Authors: James Rollins
Tags: #Mystery, #Thriller, #Suspense, #Science Fiction, #Adventure, #Historical
As Jason continued his study, the service wound slowly toward the end of the Mass, marked by bells and prayers. At last, it came time for Communion, the breaking of the Eucharistic bread. Parishioners slowly filed from their pews, traveling up the aisles to accept the body and blood of Jesus Christ.
When her time came, Mandy rose along with the others in her pew, slipping her hand from his. “I’ll be right back,” she whispered.
Jason watched his pew empty and the slow procession continue toward the altar. Anxious for Mandy’s return, he rose to stretch his legs. He used the moment to study the statuary that flanked a confessional booth. Now standing, he also regretted that third can of Coke he had consumed. He glanced back toward the cathedral’s vestibule. There was a public restroom outside the nave.
Glancing longingly back there, Jason was the first to spot a group of monks entering the rear of the cathedral, filing through all the back doors. Though in full-length black robes, hooded and belted at the waist, something immediately struck Jason as odd. They moved too quickly, with an assured military precision, slipping into shadows.

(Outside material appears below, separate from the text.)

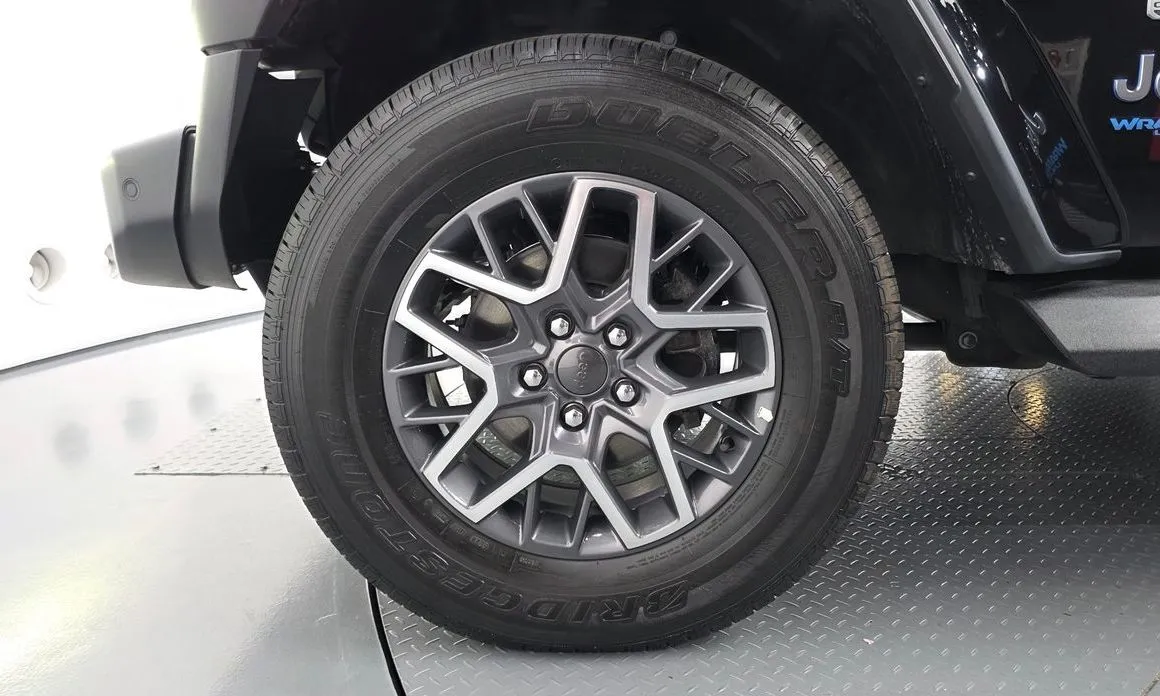 Jeep Wrangler 2022 из KR, фото 8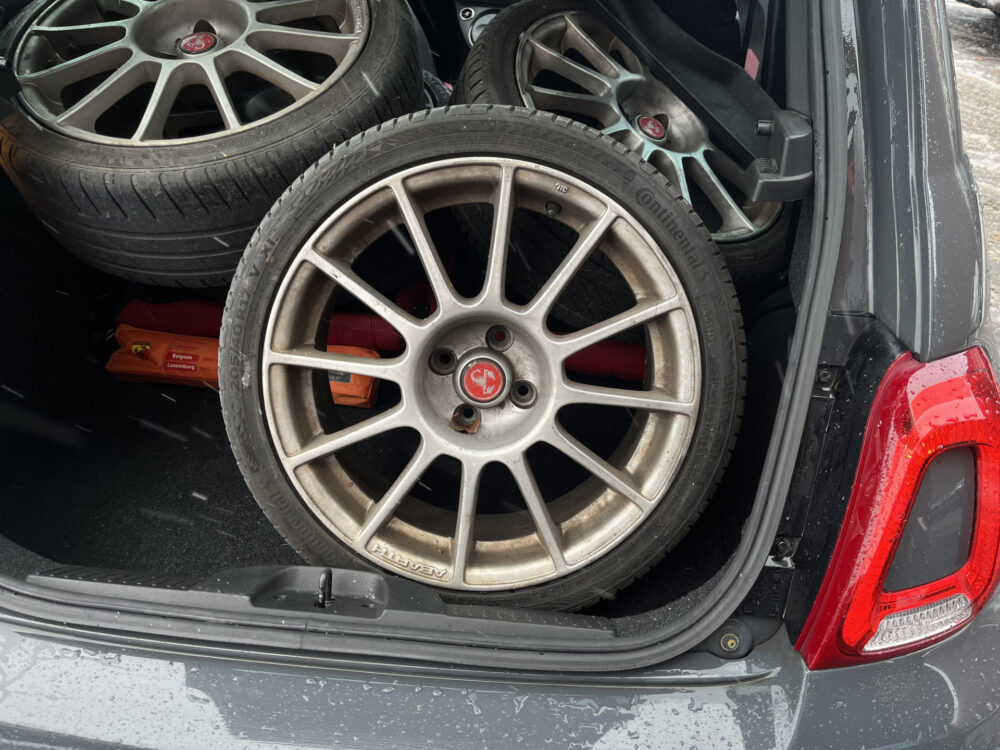 Abarth 595 1.4 T-Jet Turismo 146PK!! // LEDER // AIRCO // CRUISE // NAVI // PDC // 27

Was this some final bit of pageantry?
A glance around the cathedral revealed more cloaked figures at other doors, even beyond the roped transept beside the altar. While keeping their heads bowed piously down, they also seemed to be standing guard.
What was going on?
He spotted Mandy near the altar. She was just accepting her Communion. There were only a handful of parishioners behind her.
Body and blood of Christ,
Jason could almost lip-read.
Amen
, he answered himself.
The Communion finished. The last parishioners returned to their seats, including Mandy. Jason waved her into the pew, then sat next to her.
“What’s with all the monks?” he asked, leaning forward.
She had knelt down with her head bowed. Her only answer was a shushing sound. He sat back. Most of the parishioners were also kneeling, heads bowed. Only a few like Jason, those who had not taken Communion, remained seated. Ahead, the priest finished tidying up, while the elderly archbishop sat atop his raised dais, chin to chest, half dozing.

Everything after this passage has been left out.